◆ Data extracts

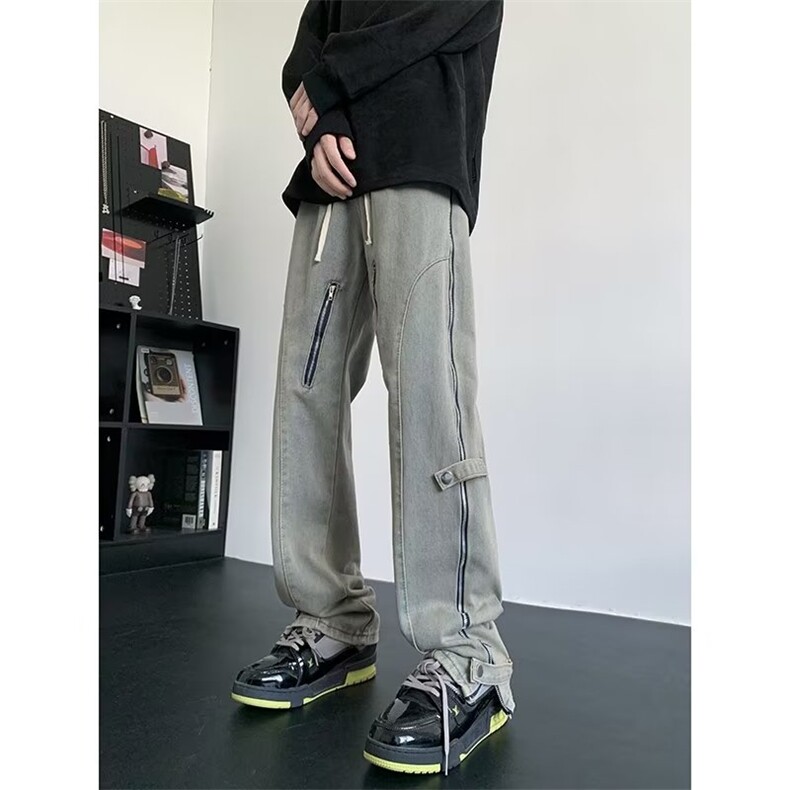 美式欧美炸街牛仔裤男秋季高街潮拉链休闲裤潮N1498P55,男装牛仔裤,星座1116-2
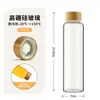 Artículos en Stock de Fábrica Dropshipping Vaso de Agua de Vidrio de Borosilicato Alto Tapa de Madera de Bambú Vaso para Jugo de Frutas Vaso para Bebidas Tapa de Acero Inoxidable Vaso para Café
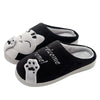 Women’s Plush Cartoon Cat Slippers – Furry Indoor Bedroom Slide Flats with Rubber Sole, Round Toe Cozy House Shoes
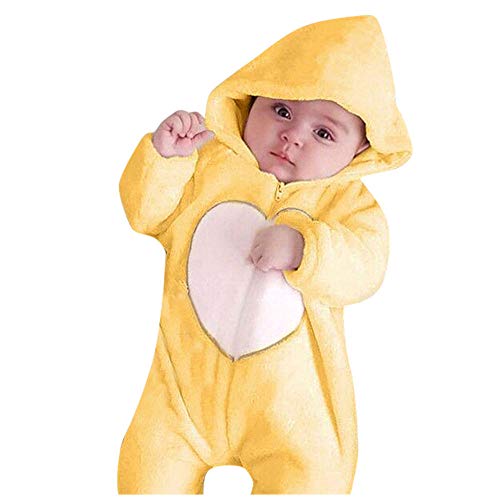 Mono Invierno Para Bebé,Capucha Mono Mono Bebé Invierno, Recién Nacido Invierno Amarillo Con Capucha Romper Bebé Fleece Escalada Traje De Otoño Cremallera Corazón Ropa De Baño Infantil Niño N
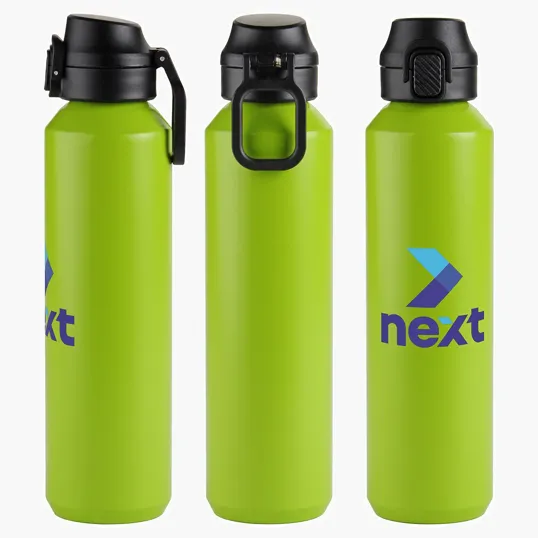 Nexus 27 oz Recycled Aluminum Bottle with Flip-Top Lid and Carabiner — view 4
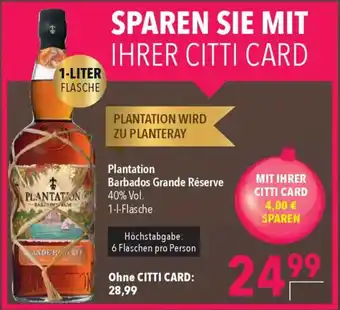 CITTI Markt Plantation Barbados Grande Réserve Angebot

--

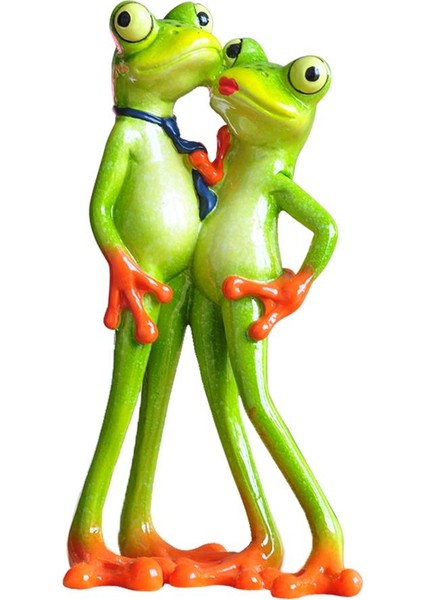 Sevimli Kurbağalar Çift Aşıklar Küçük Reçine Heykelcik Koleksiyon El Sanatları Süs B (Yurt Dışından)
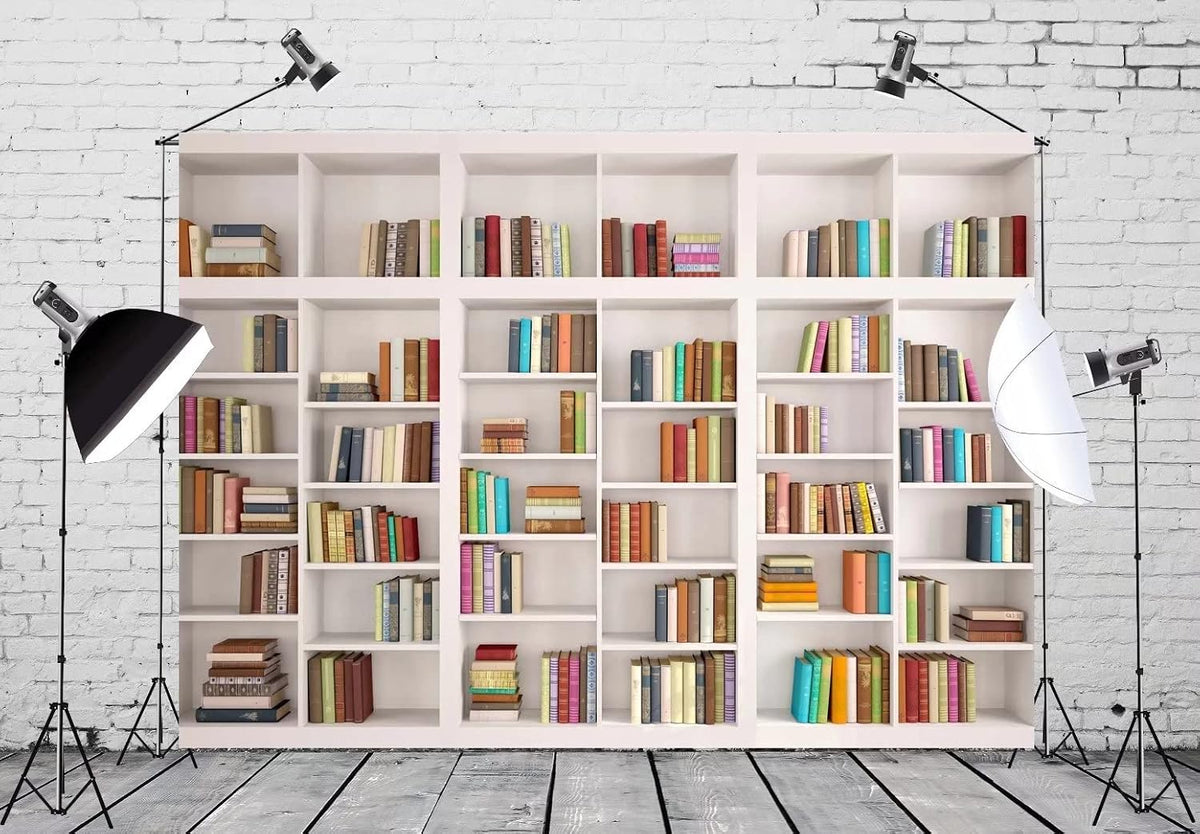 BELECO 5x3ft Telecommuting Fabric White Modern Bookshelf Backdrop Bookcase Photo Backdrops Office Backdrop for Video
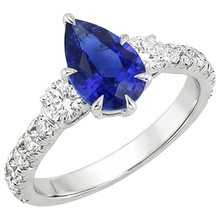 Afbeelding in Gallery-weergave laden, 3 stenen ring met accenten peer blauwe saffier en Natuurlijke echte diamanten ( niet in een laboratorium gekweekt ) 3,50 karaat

* * *

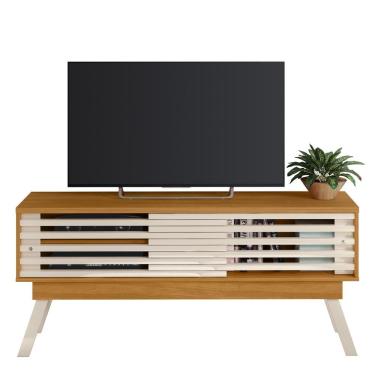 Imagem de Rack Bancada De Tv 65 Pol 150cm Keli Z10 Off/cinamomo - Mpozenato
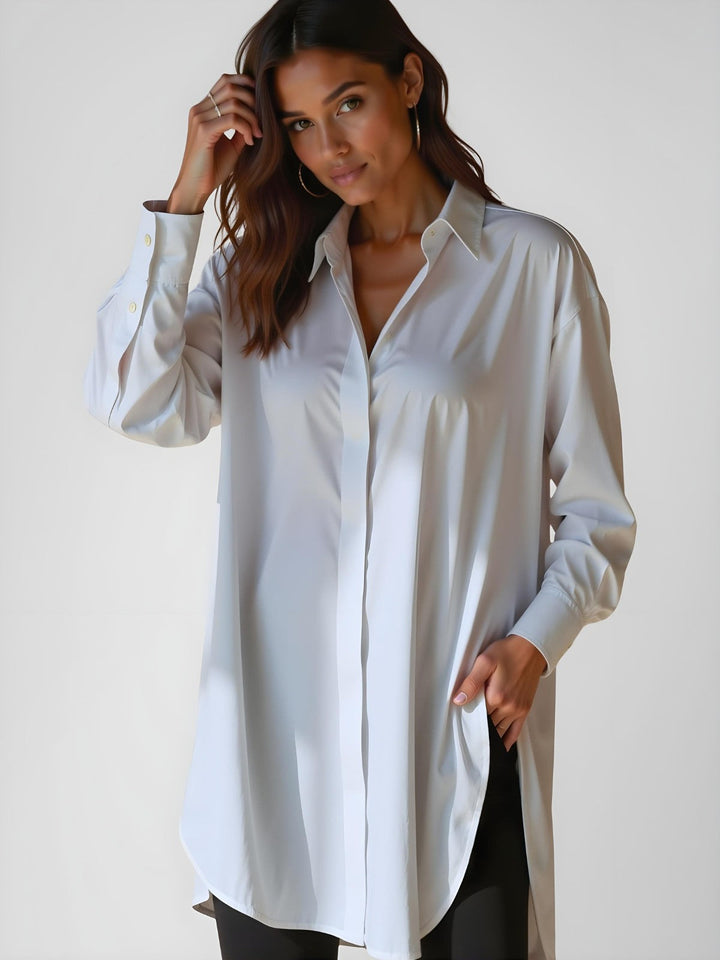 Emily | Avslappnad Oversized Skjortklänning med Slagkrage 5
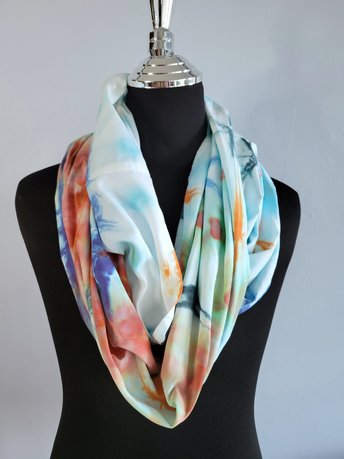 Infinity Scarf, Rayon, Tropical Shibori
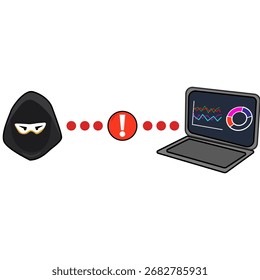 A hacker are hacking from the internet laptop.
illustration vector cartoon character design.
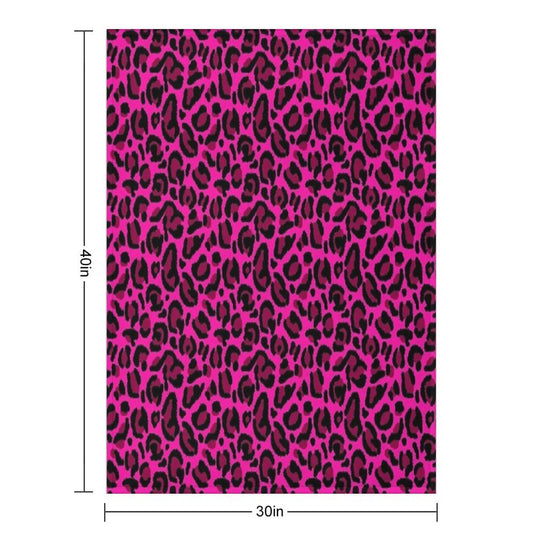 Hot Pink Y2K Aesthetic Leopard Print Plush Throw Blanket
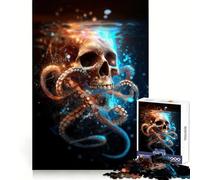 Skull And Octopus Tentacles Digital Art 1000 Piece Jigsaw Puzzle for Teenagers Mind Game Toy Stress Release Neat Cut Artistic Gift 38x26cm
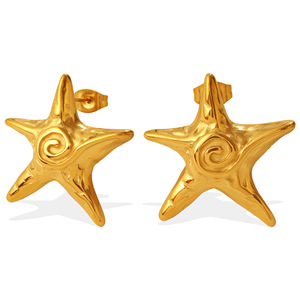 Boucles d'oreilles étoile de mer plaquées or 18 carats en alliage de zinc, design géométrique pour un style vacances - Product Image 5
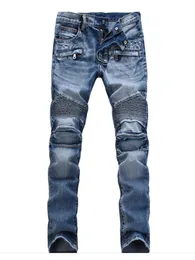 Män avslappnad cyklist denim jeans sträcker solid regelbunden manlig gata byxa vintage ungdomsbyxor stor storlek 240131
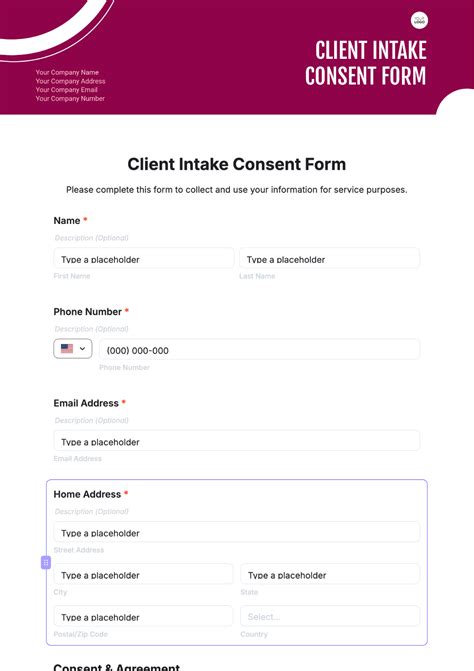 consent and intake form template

◆ Brief
Would you write out exactly the lines above, starting at the line containing "BELECO 5x3ft Telecommuting" and stopping after the line containing "Afbeelding in Gallery-weergave"? Omit the pictures.

◆ Written reply
 BELECO 5x3ft Telecommuting Fabric White Modern Bookshelf Backdrop Bookcase Photo Backdrops Office Backdrop for Video
 Afbeelding in Gallery-weergave laden, 3 stenen ring met accenten peer blauwe saffier en Natuurlijke echte diamanten ( niet in een laboratorium gekweekt ) 3,50 karaat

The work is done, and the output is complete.